• **What is needed**
Could you copy exactly the lines below from the one with "Our Felt Finger" to the one with "Revised Car Linear Regression Example", inclusive, leaving out any pictures?

• **Exercise data**
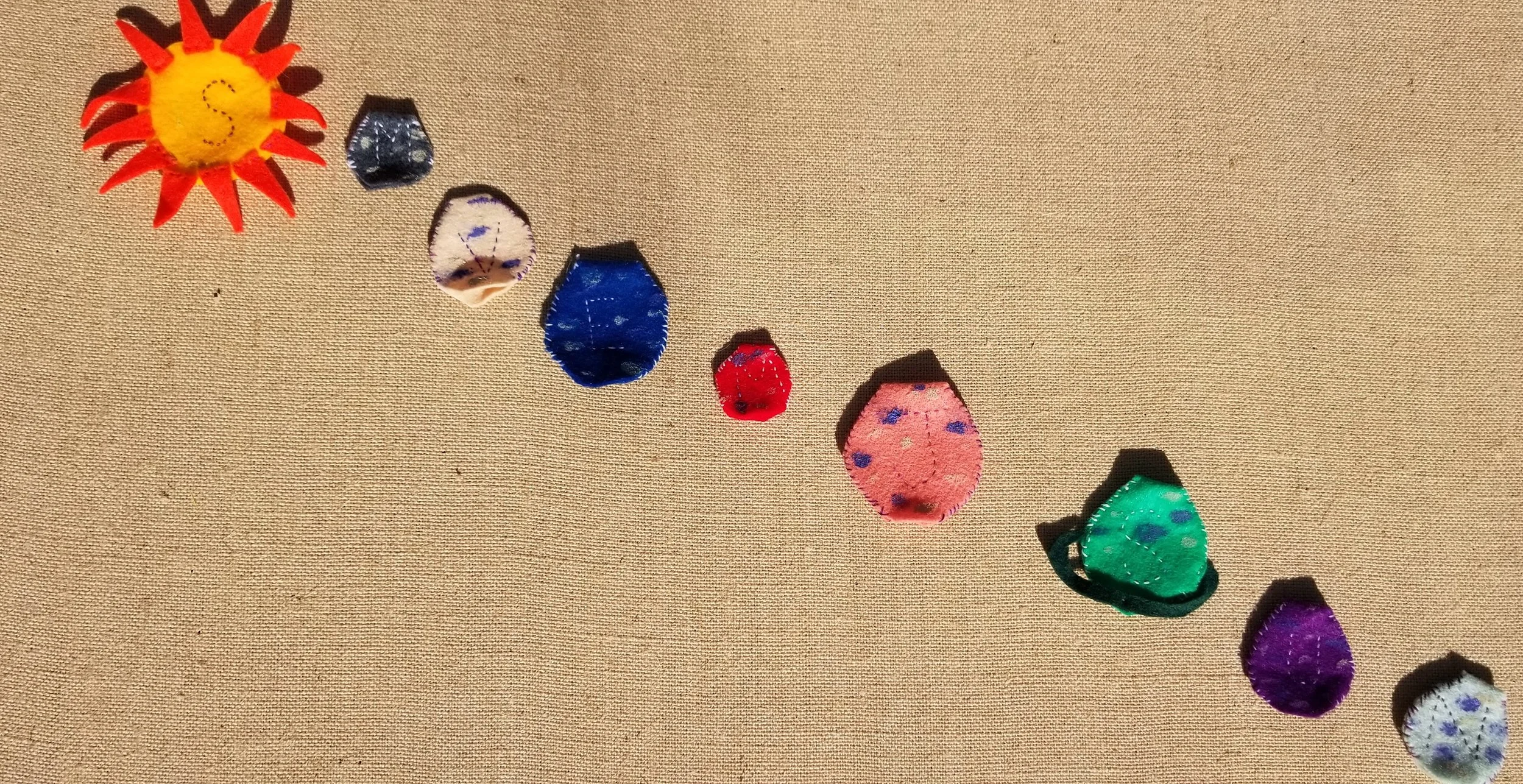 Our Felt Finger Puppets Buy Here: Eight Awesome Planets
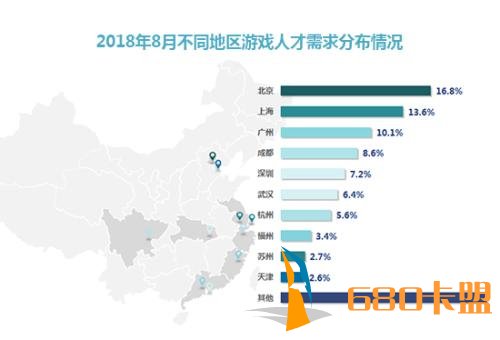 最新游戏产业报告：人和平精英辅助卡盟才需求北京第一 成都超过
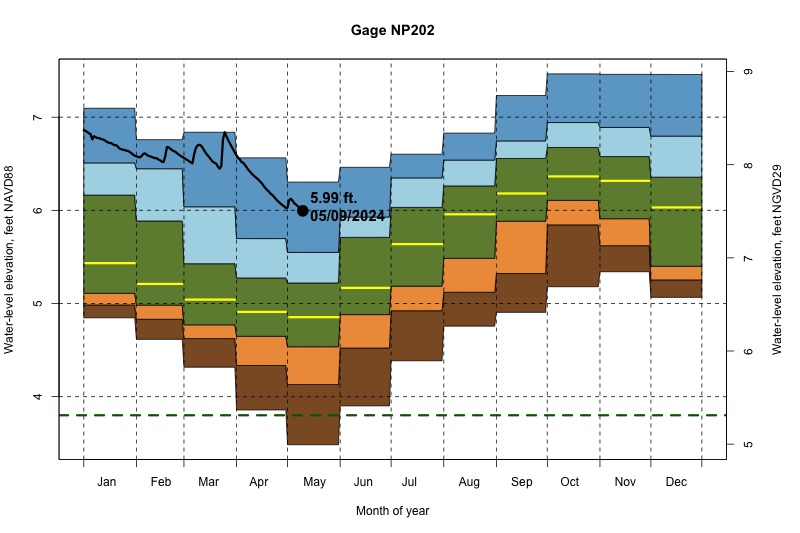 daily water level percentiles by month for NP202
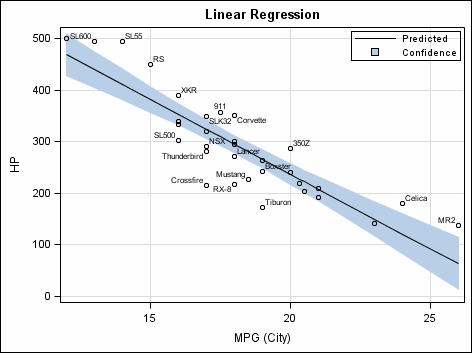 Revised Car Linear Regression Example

* * *

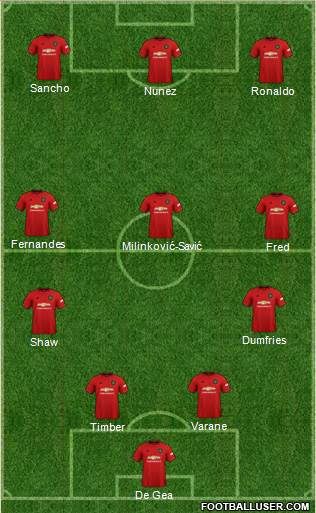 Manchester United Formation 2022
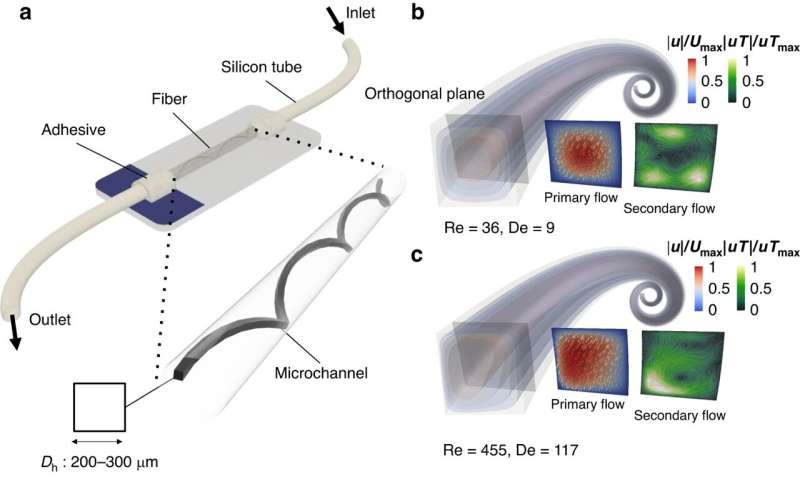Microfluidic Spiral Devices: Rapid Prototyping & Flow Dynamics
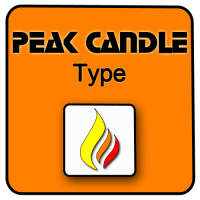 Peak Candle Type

• **Written answer**
 Our Felt Finger Puppets Buy Here: Eight Awesome Planets
 最新游戏产业报告：人和平精英辅助卡盟才需求北京第一 成都超过
 daily water level percentiles by month for NP202
 Revised Car Linear Regression Example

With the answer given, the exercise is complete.